What a sham! Shame on them for trying to con Americans.
David Kreutzer pointed out in a Heritage Foundation report that steelworkers had the most ‘green’ industrial jobs. That’s because most U.S. steel is recycled scrap and some steel gets used in making wind turbines.
The next largest groups were bus drivers, waste collectors and used-merchandise store employees, followed finally by engineering and architectural services. The much-hated nuclear industry accounted for over 80 per cent of the 44,000 ‘green’ electric utility jobs. There were five times as many such jobs in social advocacy (environmentalist group lobbyists) as in renewable electric power.
Ah, but that was then and this is now, you say. Right.
In January, the Associated Press reported on President Biden’s “fuzzy math” regarding his claim of creating one million new auto industry jobs. Even if he actually replaces the 650,000 government vehicle fleet with electric cars and installs 500,000 new charging stations – all at taxpayer expense. Theoretically, a huge government buying program will lower electric vehicle costs and the myriad of charging stations will lessen fears of being stuck in a hurricane evacuation in a vehicle you can’t quickly gas up. Theoretically.

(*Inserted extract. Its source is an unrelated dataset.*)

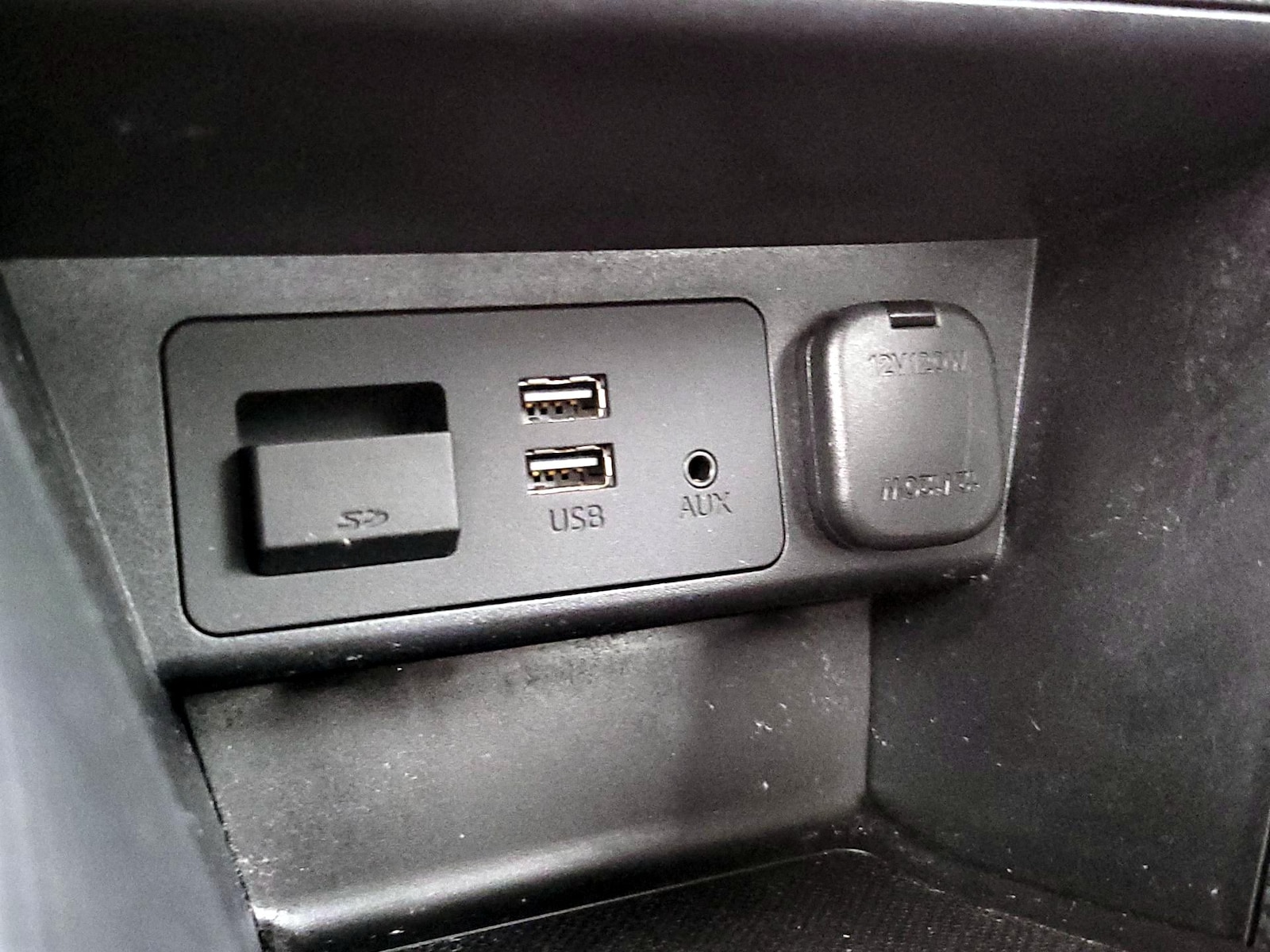 2018 Toyota Yaris iA Base - Photo 19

But hold on! Every electric vehicle job will likely come at the expense of a gasoline-engine vehicle job. Every charging station will diminish jobs in the pipeline, refining, gasoline retail, gasoline delivery and other sectors. The AP story adds that industry analysts and the United Auto Workers union agree that electric vehicle manufacturing will likely mean fewer automotive jobs. One reason is that these vehicles have far fewer parts and are simpler to build, thus they require fewer workers and often just need a new $6,000 battery module. Another is that battery manufacturing is easily automated.
But that’s hardly the whole story.
In 2019, while losing over a fifth of its U.S. market share of sales over a three-year period, General Motors admitted it already employed more non-union auto workers in China than union workers in the U.S. The harsh reality is that there are 10 times more electric vehicle battery manufacturing facilities in Asia than in all of North America. Maybe Biden is talking about the number of Chinese ‘green’ jobs – especially child and near-slave labour in China’s mines and processing plants.

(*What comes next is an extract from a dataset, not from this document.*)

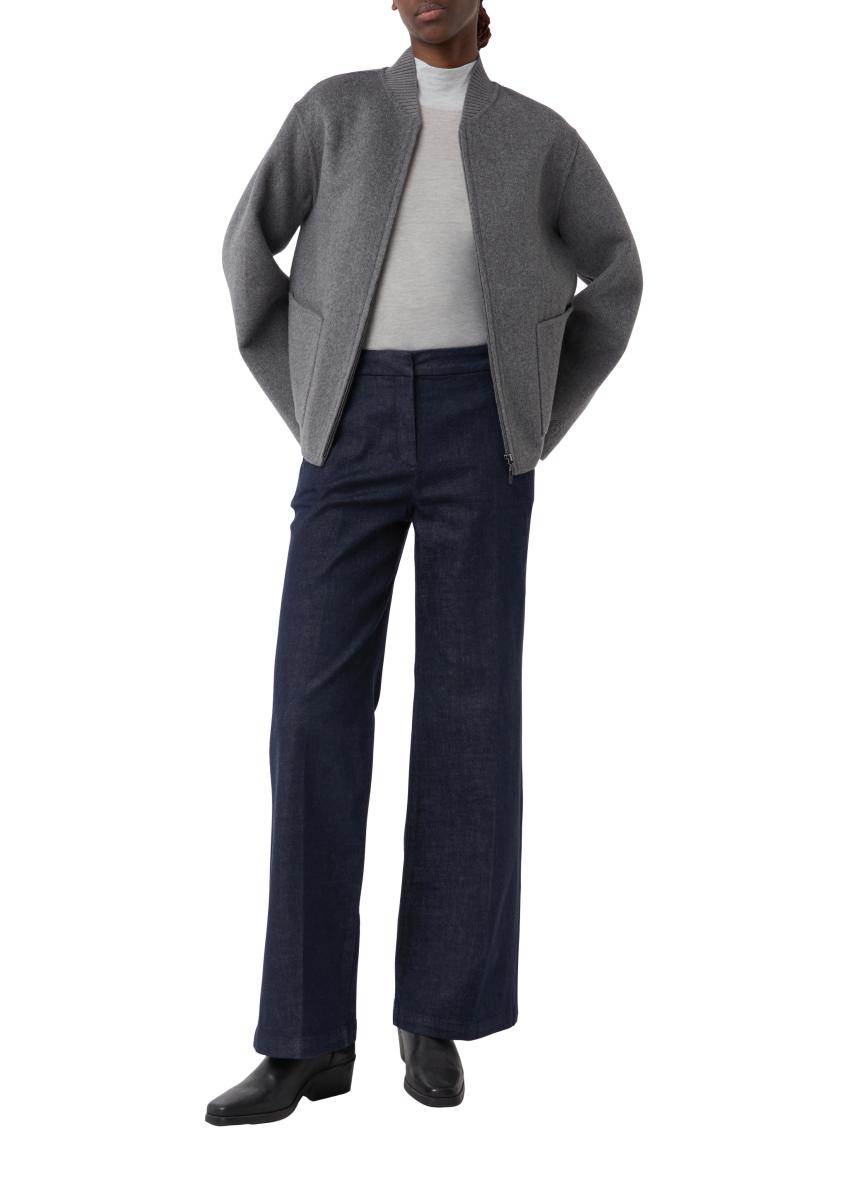 Damen Jeans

Other fact-checkers have also found that the Biden administration’s green jobs claims are mostly false.
Electric vehicles are just part of Biden’s Green New Deal. Surrendering the American economy to the Paris climate accord and its draconian environmental restraints is another. Abandoning oil, gas and coal – and very likely nuclear energy – and all the jobs those industries create is a third. Biden is merely following Germany and other European Union countries down the primrose path to economic suicide.
According to Deutsche Bank, climate policy regulation of Germany’s automotive sector is triggering “the biggest structural break in the industry in decades.” A bank report explains that strict carbon dioxide limits for new passenger cars in the European Union for 2021 and 2030 are forcing manufacturers to prematurely switch to higher-cost electric vehicles. The resultant price increases, the bank predicts, will have a very negative effect on future employment in the German auto industry.
One reason is that the EU’s CO2 limits for passenger cars and subsidies for electric vehicles are “extremely inefficient [expensive] and hardly effective instruments” to achieve emission reduction in the transport sector. While government incentives and mandates may push people toward buying government-favoured vehicles, radical climate and energy policies decrease investment in energy-intensive sectors such as metals and chemicals. This will further increase the cost of new German cars.
Despite the push for green energy and electric vehicles, the German Trade Union Confederation reports that the number of ‘green’ jobs in the German renewables sector had fallen from 300,000 in 2011 to just 150,000 in 2018. Many of these lost jobs were due to the collapse of Germany’s solar power industry, as companies were forced out of business by Chinese manufacturers that undercut German prices – and had much easier access to raw materials.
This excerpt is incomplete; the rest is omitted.